#### Task brief
What you return must be the exact lines of the material below, from the first through the one that has "piekny-zloty-pierscionek-pr-585-material-15835-2", with no pictures and, please, nothing else.
"""
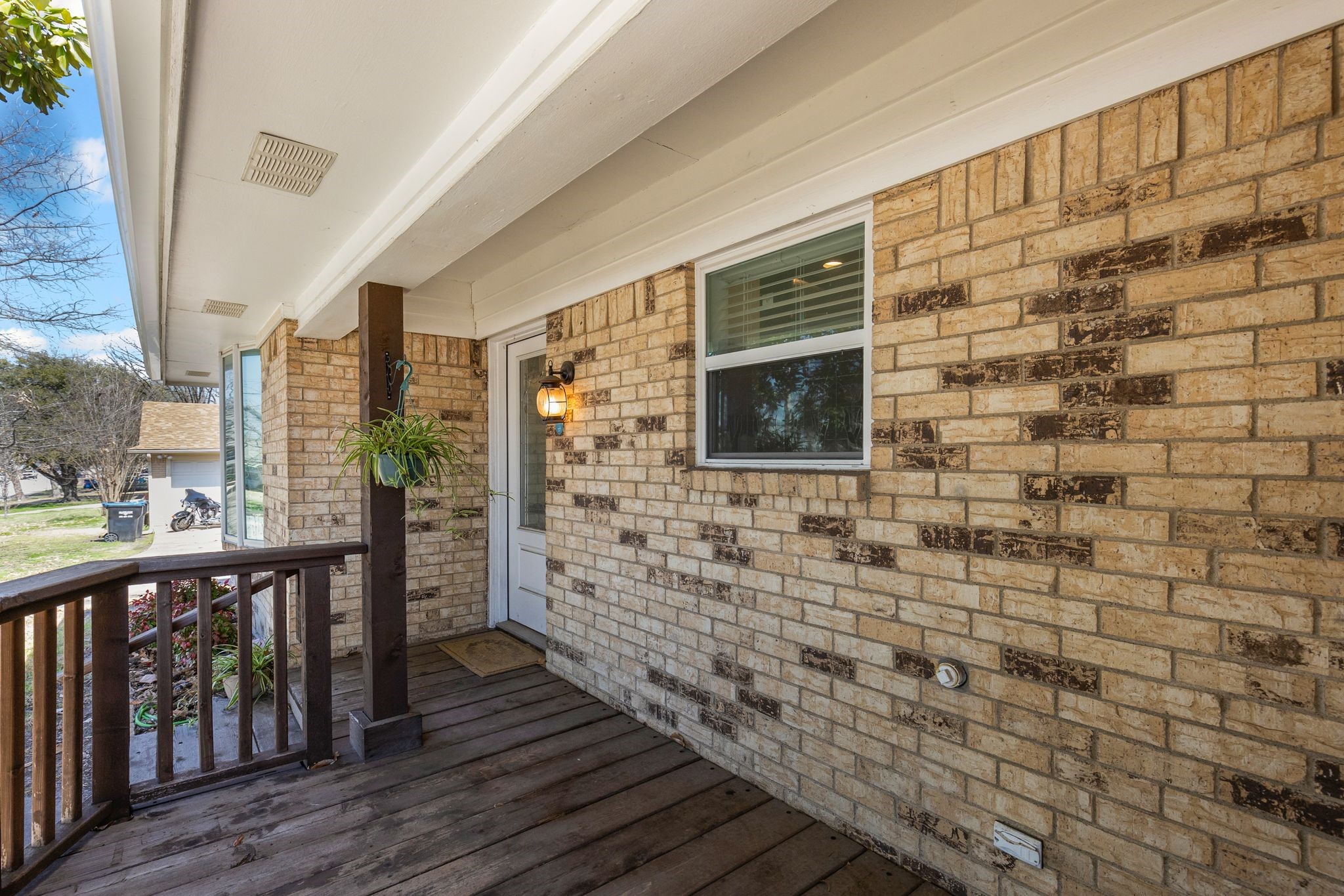 6417 Stonewall Street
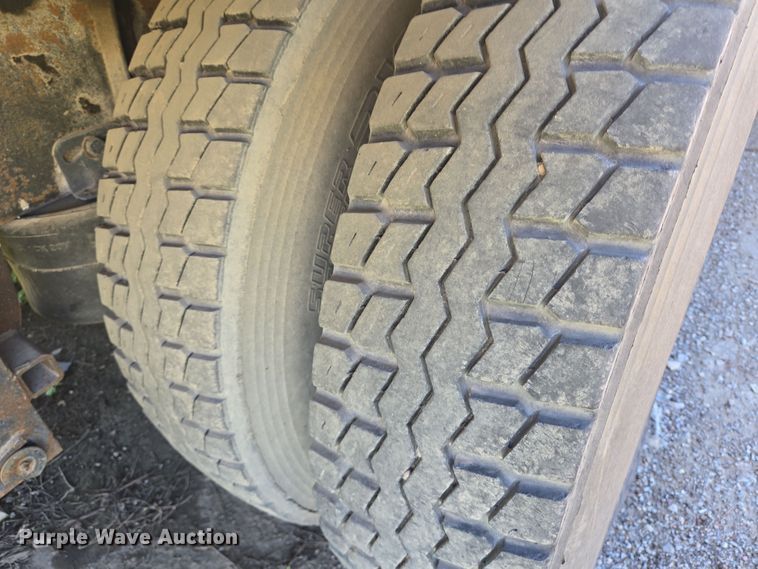 image for item DV1330 2004 Mack CX613 rollback truck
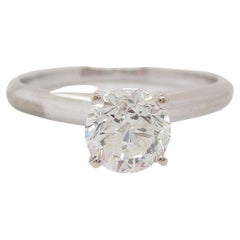 Anillo de compromiso solitario con diamante redondo de oro blanco de 14 quilates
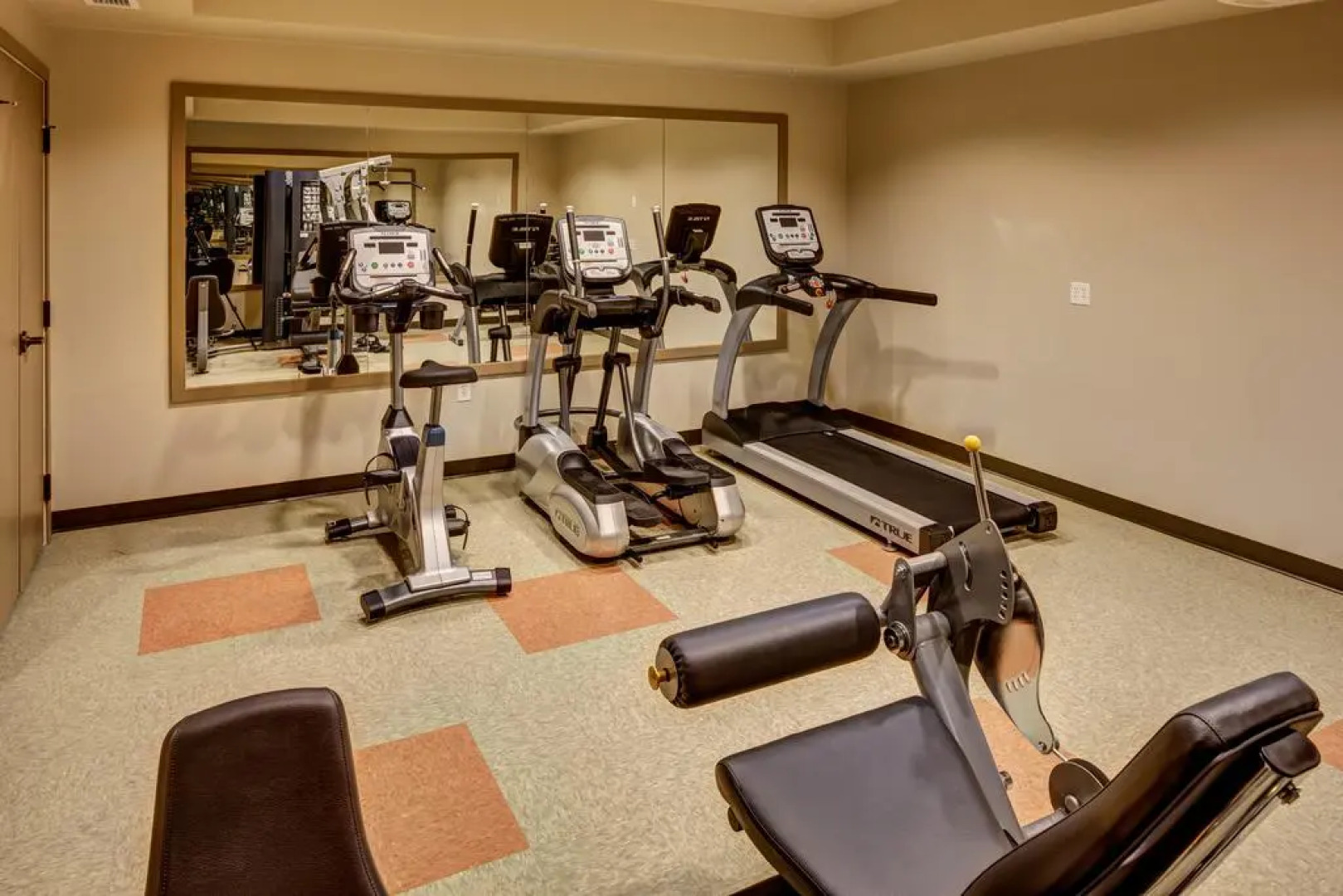 Clarion Hotel & Suites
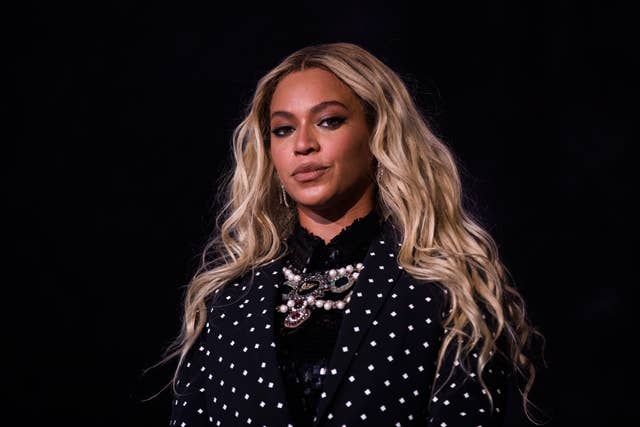 Beyonce performs at a concert for Democratic Presidential candidate Hillary Clinton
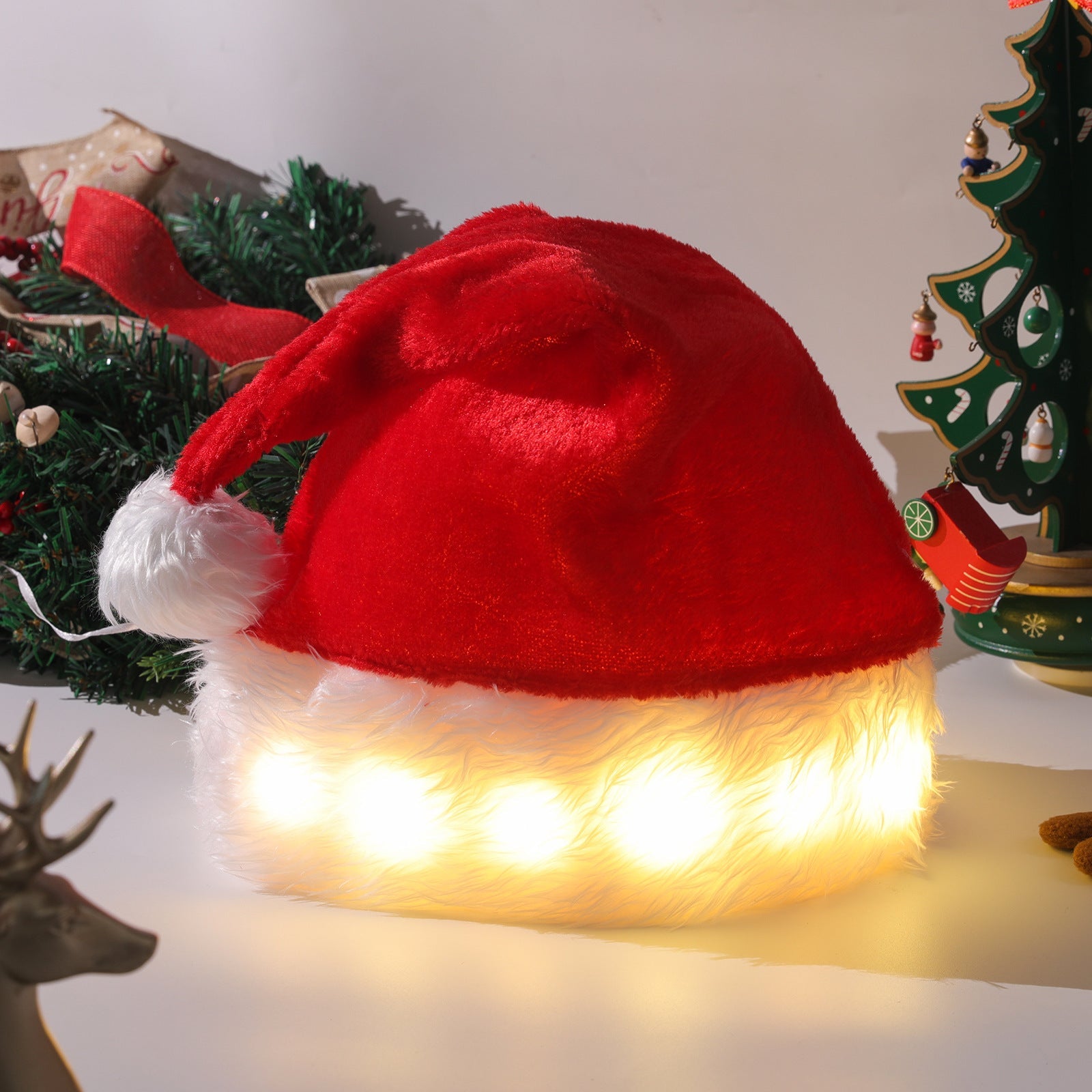 Lysende Julehat med LED Lygter – Blød Pluche Santa Hat med Farvet Lys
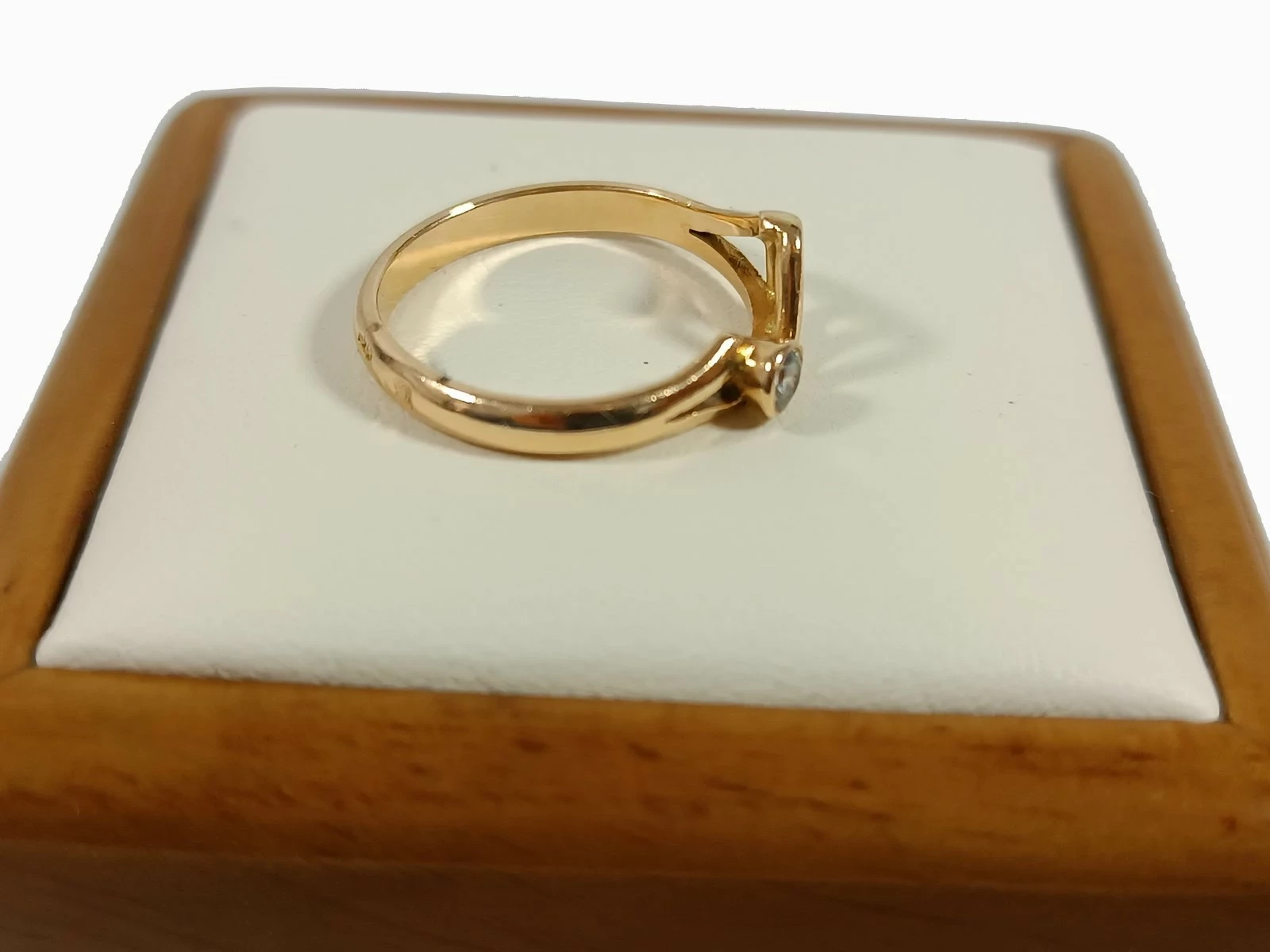 piekny-zloty-pierscionek-pr-585-material-15835-2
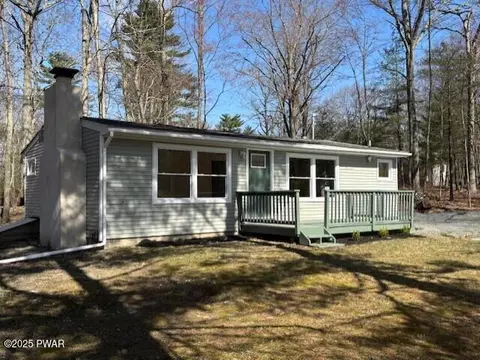 133 Arrowood Dr, Dingmans Ferry, PA 18328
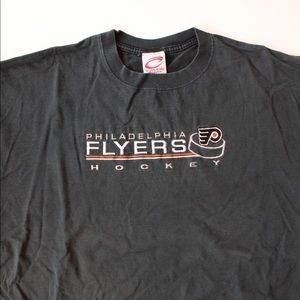 Vintage Philadelphia Flyers Embroidered Shirt Navy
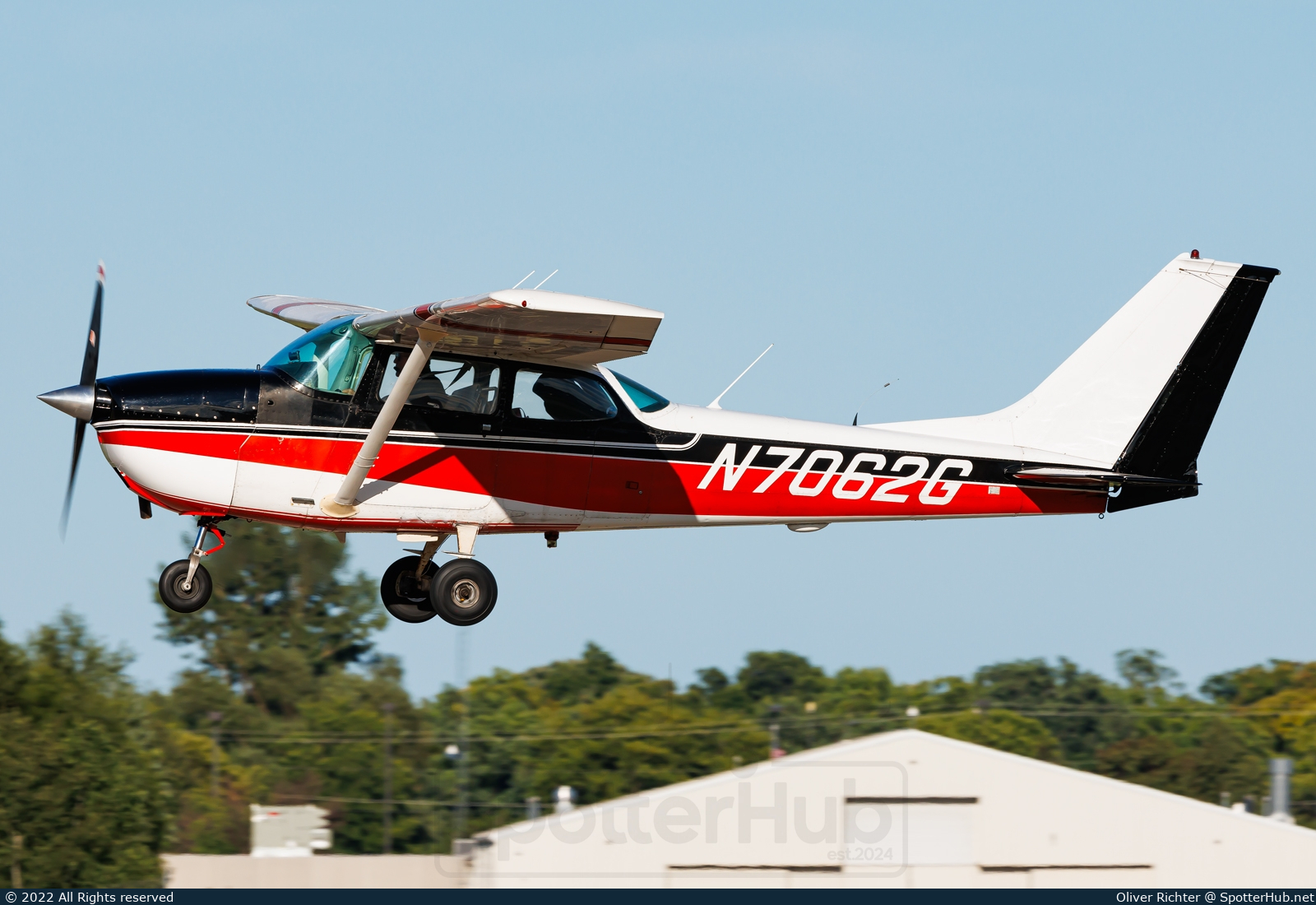 Photo of N7062G - Cessna 172K Skyhawk operated by Private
"""
#### Solution for this exercise
 6417 Stonewall Street
 image for item DV1330 2004 Mack CX613 rollback truck
 Anillo de compromiso solitario con diamante redondo de oro blanco de 14 quilates
 Clarion Hotel & Suites
 Beyonce performs at a concert for Democratic Presidential candidate Hillary Clinton
 Lysende Julehat med LED Lygter – Blød Pluche Santa Hat med Farvet Lys
 piekny-zloty-pierscionek-pr-585-material-15835-2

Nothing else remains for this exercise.